Mrs. Fenwick was widely known for her wit, zest and idiosyncrasies like her pipe. The story goes that her doctor told her to quit smoking cigarettes and so she took up the pipe. She has been described as tall and patrician, but down-to-earth. She was the inspiration for Garry Trudeau’s Lacey Davenport character in his “Doonesbury” cartoons.
Mrs. Fenwick came to politics as something of a second career. Before politics, she modeled briefly for Harper’s Bazaar, then worked as a writer and editor at Vogue magazine and compiled “Vogue’s Book of Etiquette” (Simon & Schuster, 1948), which sold a million copies. Her first election was to the New Jersey State Legislature at the age of 59 and then to the US Congress at 64.

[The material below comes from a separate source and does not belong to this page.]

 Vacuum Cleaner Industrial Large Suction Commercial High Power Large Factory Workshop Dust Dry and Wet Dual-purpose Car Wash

Mrs. Fenwick was a lifelong Republican, but she was a woman of her own mind. Even while she was strong willed, she often charmed her ideological adversaries. Her advocacy included a wide variety of issues such as civil rights, peace in Vietnam, aid for asbestos victims, help for the poor, prison reform, strip-mining controls, reduction of military programs, urban renewal, campaign spending limits, gun control and restrictions on capital punishment, and establishing a mechanism to monitor compliance with the 1975 Helsinki accords on human rights.
Walter Cronkite dubbed her the “Conscience of Congress.” She was a strong voice of honesty, integrity, and ethics. When congress voted itself a raise, she thought it improper to give yourself a raise, so, she wrote checks to the U.S. Treasury to reimburse the government for those pay raises members. Not only that, she returned more than $450,000 to the U.S. Treasury in unspent office expenses. She was, not surprisingly, opposed to PAC money and she practiced what she preached. She advocated for campaign finance reform and refused to accept any PAC money.

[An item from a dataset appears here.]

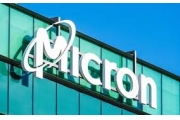 Kesti 6 vuotta ja maksaa 19,5 miljardia! American Chip Giant ilmoitti tutkimuksen ja kehityksen epäonnistumisen, mutta ei ollut muuta vaihtoehtoa kuin myydä tehtaalla.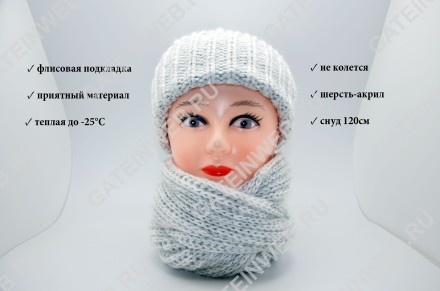 Зимняя женская шапка со снудом серая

In 1983, after she lost a race for the US Senate, President Ronald Reagan appointed Mrs. Fenwick as the first U.S. Ambassador to the United Nations Food and Agriculture Organization (FAO), in Rome. It was the perfect ending to a 50-year career in public service that began with the local school board and ended in a country for which she felt at home and where her brother-in-law was an Italian Count. Fenwick’s fluency in Italian and French, and passion for the issues, served her well at the FAO.
In 1987 Fenwick returned home to Bernardsville, New Jersey. It is there that she was raised, and there that she died in her sleep in 1992, at the age of 82 years old.

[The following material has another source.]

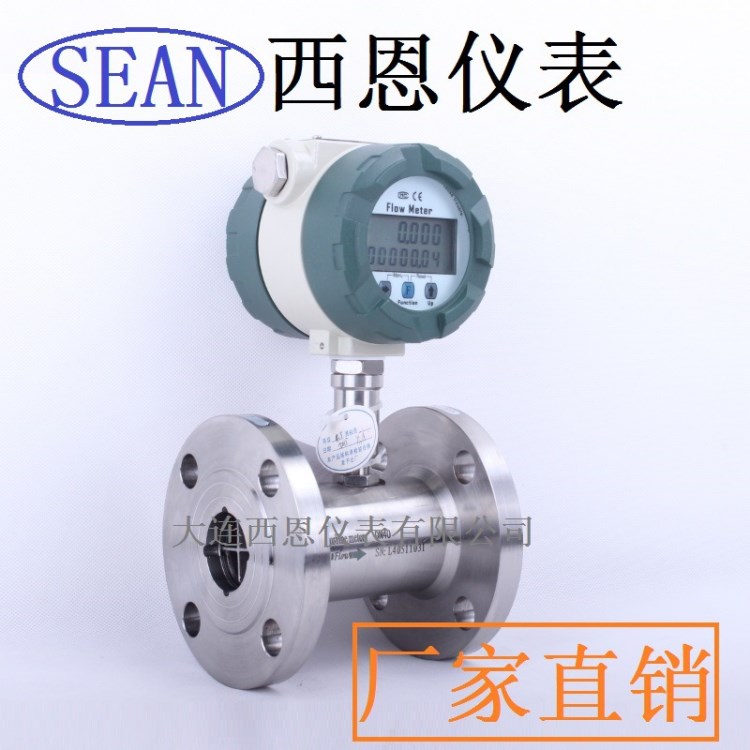 SEAN LWGY智能渦輪流量計/高精度電磁流量計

Those are some of the facts as I have teased them out from various web sources and from Amy Shapiro’s book, ‘Millicent Fenwick her way.’
For all of the facts, my favorite Millicent Fenwick bit of trivia is this slightly apocryphal attribution to her debating skills: In a debate over equal rights for women, Mrs. Fenwick once recalled that a male legislator said: “I just don’t like this amendment. I’ve always thought of women as kissable, cuddly and smelling good.” To which she replied: “That’s the way I feel about men, too. I only hope for your sake that you haven’t been disappointed as often as I have.”
Oh, and the statue? It was first unveiled in 1995. At that time it was the first outdoor statue of a woman in New Jersey – and one of the first in the country. In 1996 a statue honoring Eleanor Roosevelt was unveiled in Riverside Park in New York City. But by and large most statues of women in the United State are of mythological figures.
Ah, Millie we miss you. We so need your wit, wisdom and integrity.